The server configuration allows different reconnection settings for each connector. Here’s an example configuration from Connectors.xml that enables reconnection for an Example connector with a reconnection timeout of 60 seconds.

<!-- Connectors.xml -->
  ...
      <connector name="Example">
  ...
          <reconnect>
              <!-- The number of milliseconds the server will maintain a
                     disconnected session. If the client fails to reconnect
                     within this time, the server will close the session.
              -->
              <keep-alive>60000</keep-alive>
          </reconnect>
      </connector>
  ...

Even though a session is disconnected, both server and client will continue to queue messages for delivery. For example, the server will queue new update messages for topics to which the session is subscribed. Each message queue has a maximum size. If a new message causes the queue to overflow the configured maximum number of messages, the session will be closed.

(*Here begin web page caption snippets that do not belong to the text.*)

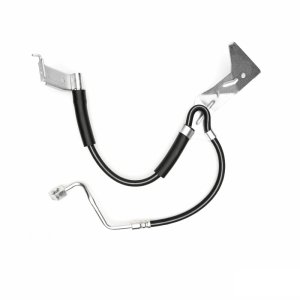 Ford F-350 Super Duty Brake Hose - Front-L - R1 Concepts - `05-`07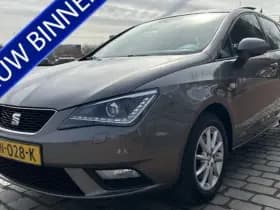Seat Ibiza ST 1.0 EcoTSI Style Connect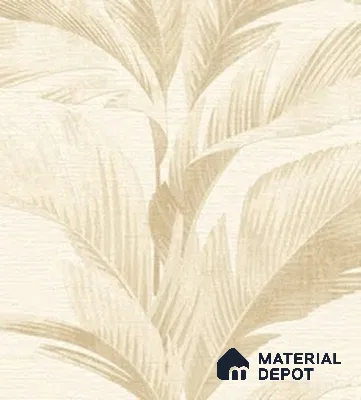 81347-2 | 5 Meter x 42 Inch  Tropical Look Wallpaper - 57 Sq. Ft. | Minimum 15% wastage during installation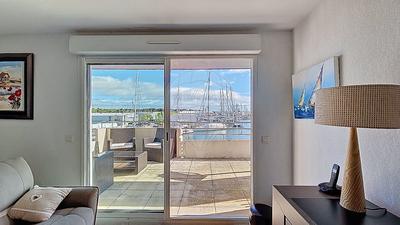 Duplex - 100 m² - 5 pièces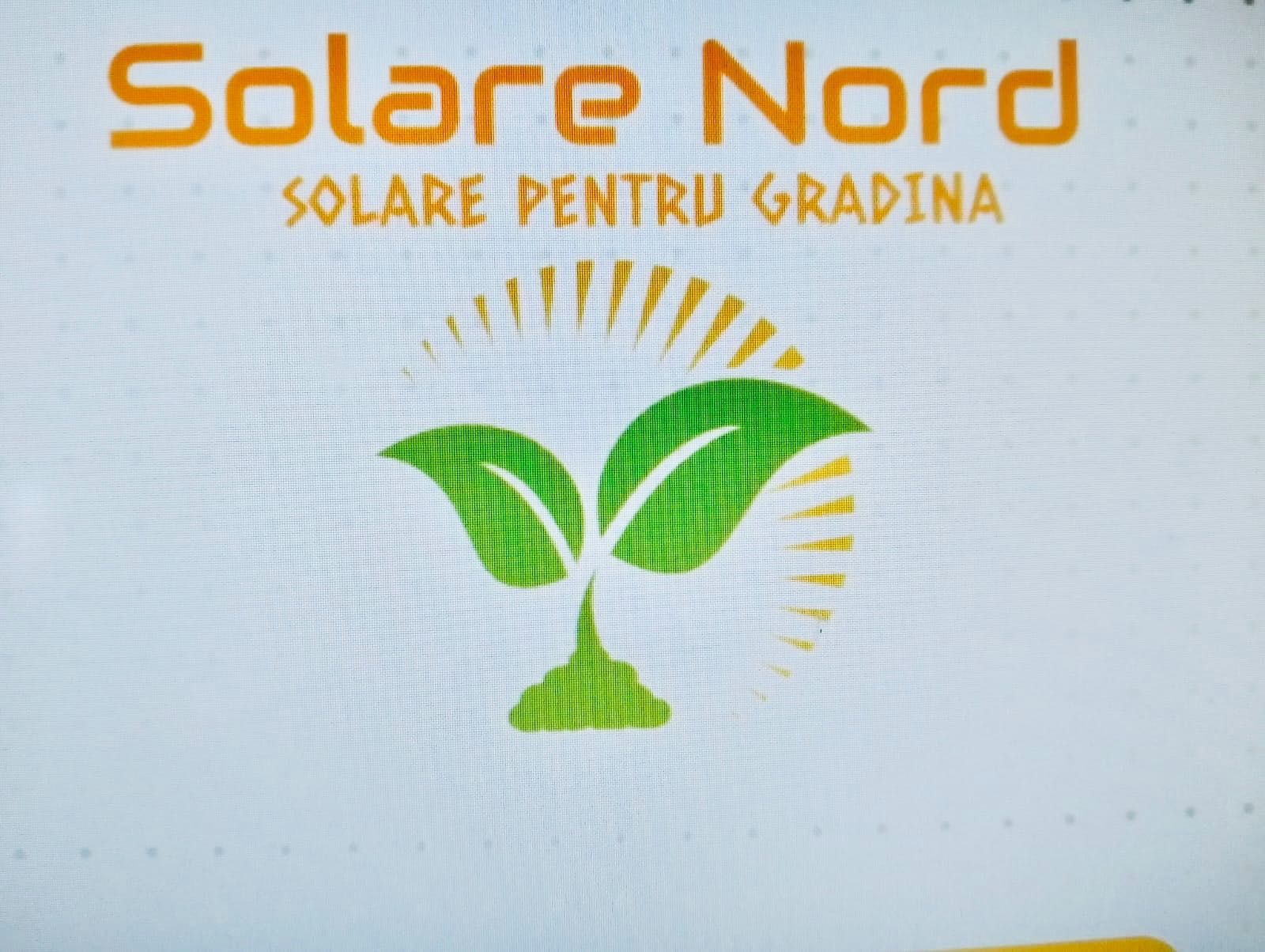 Solare pentru Grădină.Cu posibilitatea Livrare și Montaj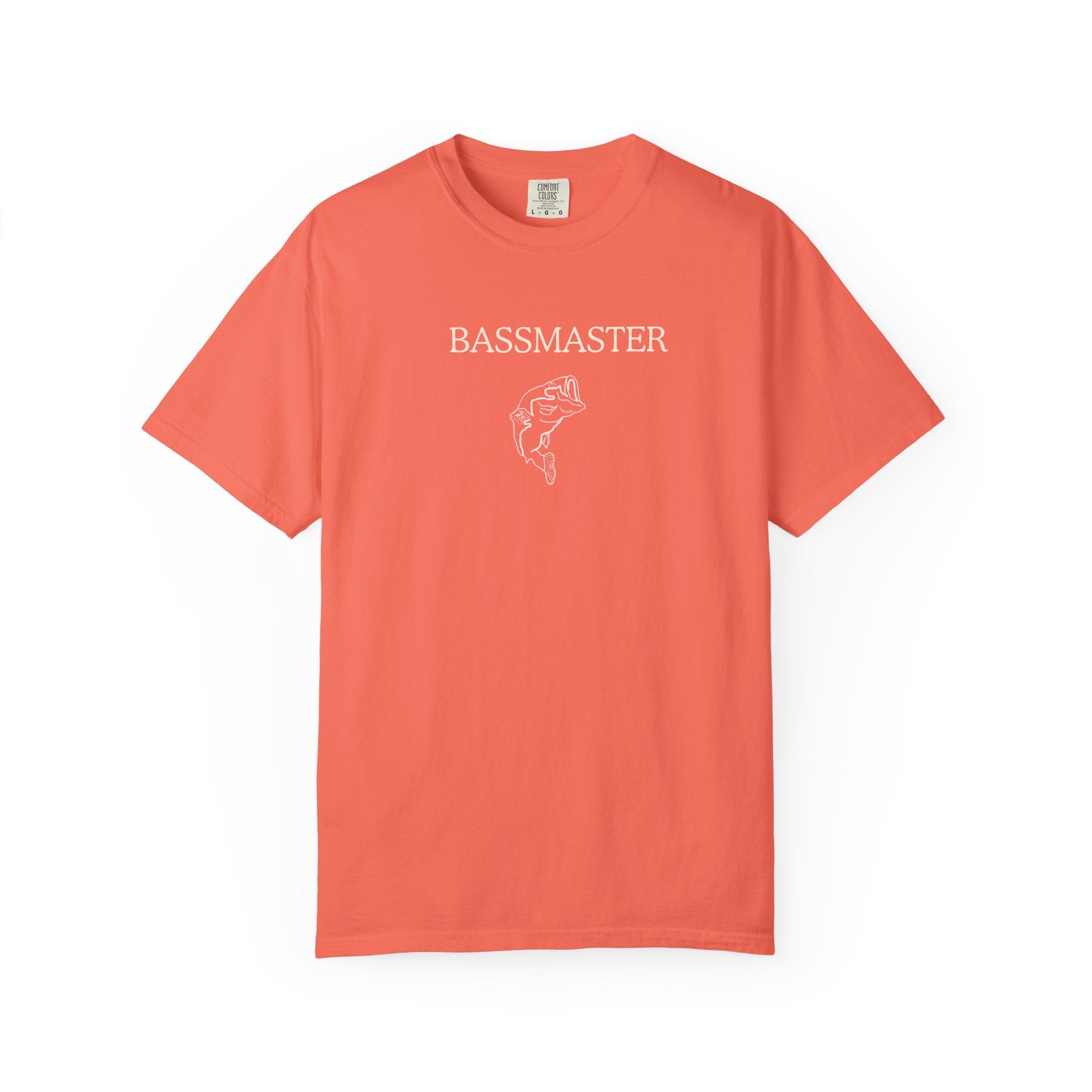 Bassmaster Cast Away Women's Tee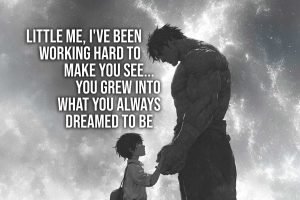 little me song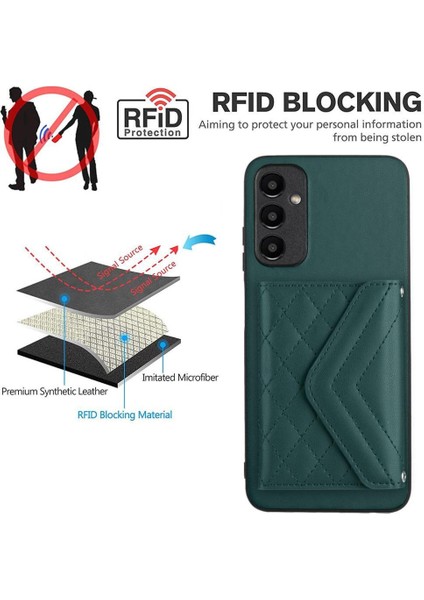 Galaxy A05S 4g Yüksek Kaliteli Doğru Kesi Için Uyumlu Kılıf (Yurt Dışından) indirimleri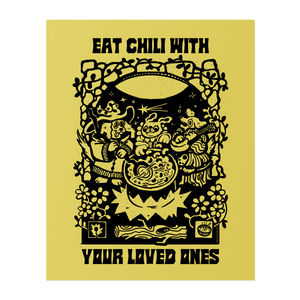 Eat Chili | Sara McCandless (TN)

The maximum queue size for server queues is configured in Server.xml.

<!-- Server.xml -->
  <server>
  ...
      <client-queues>
          <default-queue-definition>default</default-queue-definition>
          <queue-definition name="default">
              <!-- The maximum queue size -->
              <max-depth>1000</max-depth>
          </queue-definition>
  ...

It’s likely a larger backlog will accumulate in the message queue while a session is disconnected than while it is connected. So queues can extend to accommodate more messages for disconnected sessions, a higher maximum queue size can be configured in the reconnection settings.

<!-- Connectors.xml -->
  ...
      <connector name="Example">
  ...
          <reconnect>
              <keep-alive>60000</keep-alive>
              <!-- Maximum queue size that applies when disconnected.
                     Ignored if less than the queue-definition setting.
              -->
              <max-depth>5000</max-depth>
          </reconnect>
      </connector>
  ...

For some applications, the message backlog can be effectively managed using conflation. Conflation reduces the likelihood of a message queue overflowing, discards stale data, and shrinks the number of messages to be delivered when the client reconnects.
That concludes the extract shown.